Por Luís Turiba
Renata Jambeiro é danada. Há um pouco mais de um ano no Rio de Janeiro, ela já conquistou seu espaço na Lapa, maior bairro boêmio da cidade, dividindo o palco todas as quintas-feiras com o violinista virtuoso Nicolas Krassik. O bar tem andado cheio e animado.

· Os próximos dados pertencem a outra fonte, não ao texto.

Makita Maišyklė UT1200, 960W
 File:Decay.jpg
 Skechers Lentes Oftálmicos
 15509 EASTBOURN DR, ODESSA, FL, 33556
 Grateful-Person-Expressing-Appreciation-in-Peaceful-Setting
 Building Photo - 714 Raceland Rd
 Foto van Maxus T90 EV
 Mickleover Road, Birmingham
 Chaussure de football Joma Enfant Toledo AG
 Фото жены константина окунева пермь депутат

Nesse espaço mágico, o casal têm recebido visitas musicais participativas como Carlos Malta, a poeta e atriz Eliza Lucinda, as cantoras brasilienses Cássia Portugal e Sandra Duailibi, e ainda intérpretes e músicos de diversos seguimentos. Entre uma apresentação e outra, esteve duas vezes cantando na Europa – em Berlim e Cannes -, foi musa da escola da samba campeã do carnaval de Brasília, Acadêmicos da Asa Norte, e compôs dois sambas que começam a chamar a atenção de bambas do Rio de Janeiro – “Pra curar dor de amor” e “Levanta”, este último em parceria com João Martins.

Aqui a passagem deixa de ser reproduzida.